• REQUIRED WORK
Could you retype, exactly as written, every line from the top of the records through the line that contains "Room 5 of 16"?

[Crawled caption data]
★ ★ ★ ★

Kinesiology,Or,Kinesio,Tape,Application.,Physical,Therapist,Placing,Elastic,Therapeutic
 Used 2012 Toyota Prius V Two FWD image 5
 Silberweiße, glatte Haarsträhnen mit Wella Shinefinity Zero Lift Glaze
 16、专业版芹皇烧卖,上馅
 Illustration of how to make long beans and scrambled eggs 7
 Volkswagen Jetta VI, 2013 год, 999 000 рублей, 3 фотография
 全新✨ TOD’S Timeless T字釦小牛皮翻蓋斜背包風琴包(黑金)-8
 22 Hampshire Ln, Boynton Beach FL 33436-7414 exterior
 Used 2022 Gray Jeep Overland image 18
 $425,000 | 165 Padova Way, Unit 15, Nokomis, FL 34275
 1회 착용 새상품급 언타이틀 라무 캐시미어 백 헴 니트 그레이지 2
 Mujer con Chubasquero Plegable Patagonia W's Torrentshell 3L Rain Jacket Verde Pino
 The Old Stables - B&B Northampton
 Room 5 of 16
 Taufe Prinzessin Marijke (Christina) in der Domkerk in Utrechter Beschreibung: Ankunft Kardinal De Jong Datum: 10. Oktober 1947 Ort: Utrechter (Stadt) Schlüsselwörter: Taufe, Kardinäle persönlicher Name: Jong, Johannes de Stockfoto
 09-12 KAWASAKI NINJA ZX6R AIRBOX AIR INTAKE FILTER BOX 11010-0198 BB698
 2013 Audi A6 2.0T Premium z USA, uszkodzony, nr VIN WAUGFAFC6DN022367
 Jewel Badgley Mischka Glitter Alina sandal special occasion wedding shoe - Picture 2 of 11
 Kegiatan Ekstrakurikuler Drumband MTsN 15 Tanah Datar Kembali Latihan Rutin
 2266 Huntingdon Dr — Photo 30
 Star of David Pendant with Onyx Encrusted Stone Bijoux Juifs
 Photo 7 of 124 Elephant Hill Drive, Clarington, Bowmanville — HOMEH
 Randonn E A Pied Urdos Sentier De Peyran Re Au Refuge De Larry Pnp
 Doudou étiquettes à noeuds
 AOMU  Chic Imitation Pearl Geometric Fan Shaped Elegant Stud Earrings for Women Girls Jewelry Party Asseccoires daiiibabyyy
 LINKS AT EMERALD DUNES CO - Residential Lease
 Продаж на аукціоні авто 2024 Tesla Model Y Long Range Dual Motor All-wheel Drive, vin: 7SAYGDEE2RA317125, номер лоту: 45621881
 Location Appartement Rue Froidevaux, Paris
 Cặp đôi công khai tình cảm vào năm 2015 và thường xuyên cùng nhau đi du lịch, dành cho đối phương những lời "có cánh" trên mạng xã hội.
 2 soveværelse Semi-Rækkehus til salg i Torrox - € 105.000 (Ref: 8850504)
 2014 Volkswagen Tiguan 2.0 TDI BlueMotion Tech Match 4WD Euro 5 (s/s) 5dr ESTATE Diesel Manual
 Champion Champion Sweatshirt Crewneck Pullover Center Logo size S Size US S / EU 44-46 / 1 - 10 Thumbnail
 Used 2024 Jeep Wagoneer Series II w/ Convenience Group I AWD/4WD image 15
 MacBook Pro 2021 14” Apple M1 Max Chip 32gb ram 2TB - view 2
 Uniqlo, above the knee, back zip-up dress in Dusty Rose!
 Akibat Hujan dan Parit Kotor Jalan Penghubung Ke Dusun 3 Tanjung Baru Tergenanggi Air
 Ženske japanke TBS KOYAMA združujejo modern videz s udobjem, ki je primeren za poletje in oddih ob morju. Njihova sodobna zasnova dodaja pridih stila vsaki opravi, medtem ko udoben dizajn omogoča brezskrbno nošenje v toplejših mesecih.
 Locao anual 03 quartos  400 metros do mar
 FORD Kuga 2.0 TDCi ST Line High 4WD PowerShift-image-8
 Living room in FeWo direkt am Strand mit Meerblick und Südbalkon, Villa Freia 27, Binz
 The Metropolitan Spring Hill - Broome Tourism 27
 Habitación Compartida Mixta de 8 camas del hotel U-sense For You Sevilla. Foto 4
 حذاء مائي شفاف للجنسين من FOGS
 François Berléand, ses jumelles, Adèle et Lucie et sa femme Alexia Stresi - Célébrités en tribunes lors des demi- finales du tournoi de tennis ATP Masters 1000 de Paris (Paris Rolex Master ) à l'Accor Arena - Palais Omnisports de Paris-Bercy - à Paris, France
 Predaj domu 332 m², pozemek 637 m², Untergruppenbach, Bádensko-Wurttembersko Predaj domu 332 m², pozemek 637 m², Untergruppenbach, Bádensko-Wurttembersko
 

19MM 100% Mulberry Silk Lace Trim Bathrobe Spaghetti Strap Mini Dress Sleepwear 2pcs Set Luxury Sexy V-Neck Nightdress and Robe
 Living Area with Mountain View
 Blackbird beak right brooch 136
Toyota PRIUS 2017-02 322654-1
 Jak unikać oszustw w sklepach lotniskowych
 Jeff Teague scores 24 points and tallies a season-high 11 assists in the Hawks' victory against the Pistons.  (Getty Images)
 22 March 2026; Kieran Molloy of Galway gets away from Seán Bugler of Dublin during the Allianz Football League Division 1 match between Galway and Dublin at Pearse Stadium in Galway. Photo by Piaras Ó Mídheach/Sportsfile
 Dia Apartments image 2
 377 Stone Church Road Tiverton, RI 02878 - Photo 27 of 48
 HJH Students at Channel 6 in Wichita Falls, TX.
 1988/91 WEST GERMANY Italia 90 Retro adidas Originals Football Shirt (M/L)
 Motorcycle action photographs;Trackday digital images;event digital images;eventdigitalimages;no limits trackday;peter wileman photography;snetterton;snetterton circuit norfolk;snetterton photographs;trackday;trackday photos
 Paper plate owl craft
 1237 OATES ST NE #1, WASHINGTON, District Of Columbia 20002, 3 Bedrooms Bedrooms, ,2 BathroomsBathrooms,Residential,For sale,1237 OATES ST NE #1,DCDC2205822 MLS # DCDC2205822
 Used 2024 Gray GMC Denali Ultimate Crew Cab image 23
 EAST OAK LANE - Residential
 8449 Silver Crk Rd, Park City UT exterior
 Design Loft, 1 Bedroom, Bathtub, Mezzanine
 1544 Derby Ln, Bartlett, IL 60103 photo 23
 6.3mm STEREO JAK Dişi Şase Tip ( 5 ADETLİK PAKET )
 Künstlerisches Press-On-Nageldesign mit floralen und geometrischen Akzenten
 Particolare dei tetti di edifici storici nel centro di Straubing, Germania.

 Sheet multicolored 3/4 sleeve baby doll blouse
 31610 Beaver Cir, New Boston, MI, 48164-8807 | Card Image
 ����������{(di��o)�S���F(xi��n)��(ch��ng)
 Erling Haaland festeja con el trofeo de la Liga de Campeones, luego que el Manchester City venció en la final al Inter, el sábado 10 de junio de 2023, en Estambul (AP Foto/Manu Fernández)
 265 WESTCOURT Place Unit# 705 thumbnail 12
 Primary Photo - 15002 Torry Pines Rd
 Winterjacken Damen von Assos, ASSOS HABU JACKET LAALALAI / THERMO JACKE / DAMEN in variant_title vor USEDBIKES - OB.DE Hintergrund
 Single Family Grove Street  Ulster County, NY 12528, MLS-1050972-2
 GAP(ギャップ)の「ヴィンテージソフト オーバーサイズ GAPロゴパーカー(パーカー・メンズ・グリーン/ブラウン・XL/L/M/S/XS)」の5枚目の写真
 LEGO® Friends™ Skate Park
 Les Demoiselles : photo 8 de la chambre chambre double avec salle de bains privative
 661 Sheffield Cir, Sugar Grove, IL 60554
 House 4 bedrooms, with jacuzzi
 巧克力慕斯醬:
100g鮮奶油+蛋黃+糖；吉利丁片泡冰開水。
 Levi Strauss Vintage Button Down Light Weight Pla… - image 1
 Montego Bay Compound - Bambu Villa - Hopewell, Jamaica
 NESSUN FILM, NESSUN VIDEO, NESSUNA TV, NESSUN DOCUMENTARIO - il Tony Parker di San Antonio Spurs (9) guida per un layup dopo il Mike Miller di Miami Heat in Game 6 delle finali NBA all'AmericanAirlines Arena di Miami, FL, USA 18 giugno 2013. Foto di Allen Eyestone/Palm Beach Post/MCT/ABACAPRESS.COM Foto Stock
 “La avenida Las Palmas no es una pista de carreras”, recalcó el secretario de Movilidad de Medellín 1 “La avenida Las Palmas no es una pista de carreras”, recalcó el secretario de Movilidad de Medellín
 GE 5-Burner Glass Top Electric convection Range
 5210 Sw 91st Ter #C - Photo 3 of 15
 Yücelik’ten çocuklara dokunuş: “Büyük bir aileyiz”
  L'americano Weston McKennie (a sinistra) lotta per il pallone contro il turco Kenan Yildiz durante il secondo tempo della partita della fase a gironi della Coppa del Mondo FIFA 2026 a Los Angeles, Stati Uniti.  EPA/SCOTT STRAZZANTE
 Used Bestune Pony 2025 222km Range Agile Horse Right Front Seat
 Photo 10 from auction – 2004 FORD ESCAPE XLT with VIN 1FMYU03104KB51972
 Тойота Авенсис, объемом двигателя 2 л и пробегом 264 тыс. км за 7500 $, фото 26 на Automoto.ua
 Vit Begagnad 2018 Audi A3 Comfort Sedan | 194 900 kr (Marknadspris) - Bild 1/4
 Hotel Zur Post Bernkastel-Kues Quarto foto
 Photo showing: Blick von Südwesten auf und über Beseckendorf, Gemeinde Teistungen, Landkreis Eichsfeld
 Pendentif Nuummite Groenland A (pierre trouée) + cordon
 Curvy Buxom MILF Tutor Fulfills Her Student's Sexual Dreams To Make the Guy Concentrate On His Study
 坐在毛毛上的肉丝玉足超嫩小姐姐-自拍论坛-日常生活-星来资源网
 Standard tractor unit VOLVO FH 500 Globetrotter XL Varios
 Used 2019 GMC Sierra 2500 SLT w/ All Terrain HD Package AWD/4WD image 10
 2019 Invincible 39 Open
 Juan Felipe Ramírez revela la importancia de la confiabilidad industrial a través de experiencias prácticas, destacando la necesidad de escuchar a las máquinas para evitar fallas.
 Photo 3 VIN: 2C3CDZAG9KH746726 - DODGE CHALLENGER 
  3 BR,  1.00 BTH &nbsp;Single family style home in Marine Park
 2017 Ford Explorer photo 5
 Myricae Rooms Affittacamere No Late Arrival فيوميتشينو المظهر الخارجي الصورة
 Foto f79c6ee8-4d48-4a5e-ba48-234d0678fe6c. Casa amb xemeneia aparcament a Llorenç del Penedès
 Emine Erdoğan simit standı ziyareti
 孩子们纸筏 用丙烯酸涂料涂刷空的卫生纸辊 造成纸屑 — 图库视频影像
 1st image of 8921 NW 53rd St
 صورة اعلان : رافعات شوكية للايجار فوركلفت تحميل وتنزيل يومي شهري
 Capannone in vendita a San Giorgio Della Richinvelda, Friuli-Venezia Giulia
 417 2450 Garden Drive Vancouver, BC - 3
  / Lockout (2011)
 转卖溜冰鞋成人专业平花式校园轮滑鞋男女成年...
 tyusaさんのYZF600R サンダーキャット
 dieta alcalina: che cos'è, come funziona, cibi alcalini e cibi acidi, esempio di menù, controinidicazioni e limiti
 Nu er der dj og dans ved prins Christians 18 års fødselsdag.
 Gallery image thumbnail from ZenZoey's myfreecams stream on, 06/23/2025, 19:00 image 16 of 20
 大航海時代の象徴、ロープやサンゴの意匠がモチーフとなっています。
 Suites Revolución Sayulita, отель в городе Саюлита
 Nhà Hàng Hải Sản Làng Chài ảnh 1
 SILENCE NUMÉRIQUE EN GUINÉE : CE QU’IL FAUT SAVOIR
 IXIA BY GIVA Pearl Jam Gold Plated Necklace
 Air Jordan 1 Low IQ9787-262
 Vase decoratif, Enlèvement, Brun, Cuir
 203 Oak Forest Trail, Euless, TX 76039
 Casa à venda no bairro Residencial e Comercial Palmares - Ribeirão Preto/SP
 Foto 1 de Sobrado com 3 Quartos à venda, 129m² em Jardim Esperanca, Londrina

★ ★ ★ ★

• ANSWER SECTION
Kinesiology,Or,Kinesio,Tape,Application.,Physical,Therapist,Placing,Elastic,Therapeutic
 Used 2012 Toyota Prius V Two FWD image 5
 Silberweiße, glatte Haarsträhnen mit Wella Shinefinity Zero Lift Glaze
 16、专业版芹皇烧卖,上馅
 Illustration of how to make long beans and scrambled eggs 7
 Volkswagen Jetta VI, 2013 год, 999 000 рублей, 3 фотография
 全新✨ TOD’S Timeless T字釦小牛皮翻蓋斜背包風琴包(黑金)-8
 22 Hampshire Ln, Boynton Beach FL 33436-7414 exterior
 Used 2022 Gray Jeep Overland image 18
 $425,000 | 165 Padova Way, Unit 15, Nokomis, FL 34275
 1회 착용 새상품급 언타이틀 라무 캐시미어 백 헴 니트 그레이지 2
 Mujer con Chubasquero Plegable Patagonia W's Torrentshell 3L Rain Jacket Verde Pino
 The Old Stables - B&B Northampton
 Room 5 of 16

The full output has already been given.